Director: Gurmmeet Singh
Rating: 2 stars
Sharafat Gayi Tel Lene is better than I had expected. It actually has a strong, interesting plot. But, unfortunately, it places at the centre of its story the two worst possible non-actors. But, first, the good part.
Sharafat Gayi... is set in Delhi where Prithvi Khurana (Zayed Khan) is a simple, lowly paid architect who is in love with Megha (Tena Desai). A more bland couple if you find, I’ll forward your name for this year’s hathi ki savari on Republic Day.
Thankfully, what Megha and Prithvi don’t provide, Sam does. Sam (Rannvijay Singh) is Prithvi’s room-mate, a no-gooder who sleeps in his underwear and leans on obliging friends for rent money and drinks. He seems more into Prithvi than Megha will ever be.
Prithvi, who has been saving money for a simple engagement ring and dinner with Megha, withdraws careful little amounts from this account. She’s delighted and all the money is over. Prithvi returns to the ATM for some more cash only to get, well, shocked. Something is wrong. Very seriously wrong.

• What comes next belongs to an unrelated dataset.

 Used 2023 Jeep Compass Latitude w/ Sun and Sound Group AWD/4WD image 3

But before he can go meet the bank manager, the bank manager comes calling. It’s all very bewildering for both Prithvi and Sam who is let in on the facts and figures immediately. Then there’s a phone call from a private number. A guttural voice issues instructions and Prithvi, Sam and Prithvi’s Maruti 800 get tied up in the role of couriers. Prithvi is scared to say no, scared to go to the cops, scared to tell Megha. But Megha figures something is wrong, and runs to Chadha uncle (Yuri Suri), a cop, who is of no consequence really, but is entertaining.

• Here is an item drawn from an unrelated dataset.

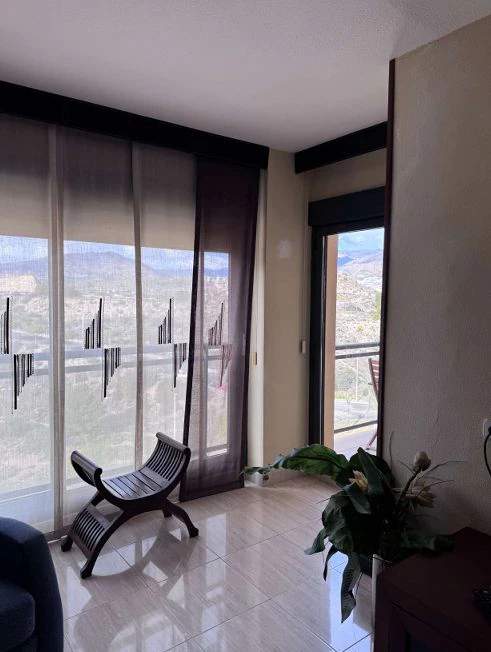 Helle Wohnung in der exklusiven Gegend von La Cala de Villajoyosa.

Caught in the bewildering cycle of phone calls, deliveries, one Goth diva, irritated Megha, the creepy bank manager, Prithvi doesn’t know what’s going one till somethings goes wrong... Then toh, sharafat gayi tel lene.

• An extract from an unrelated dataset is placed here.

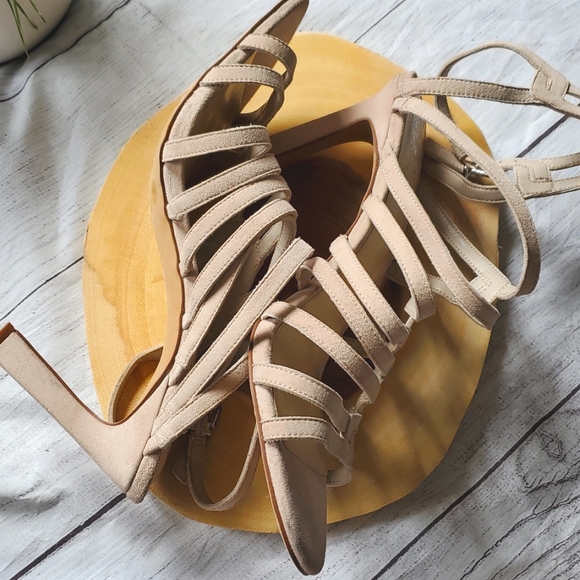 NWOT Vince Camuto suede sandals - Picture 8 of 10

Though the film’s plot is intriguing and keeps us interested, its resolution is weak and the direction is lackadaisical and disappointing. But nowhere as disappointing as Zayed Khan and Tena Desai.
Ms Desai needs to focus on still shoots for online shopping. Moving images is not her thing.
Zayed Khan seems to have been dragged out from wherever he’d been snoozing for the last couple of years against his will. He is unkempt and in need of a tumble wash and dry. Where ever he was, rest assured, he wasn’t at an acting school.
He still acts like a trained pet would respond to short, loud instructions: “Zayed, quake with fear.” He quakes. “Zayed, stop.” He stops. What that begets is a priceless blank expression which can be and is used in every situation and scene in the film where quivering is not required.
Rannvijay Singh overacts but that’s necessary because the dim, spud-like thing next to him is doing nothing. Oh ya, he’s quaking.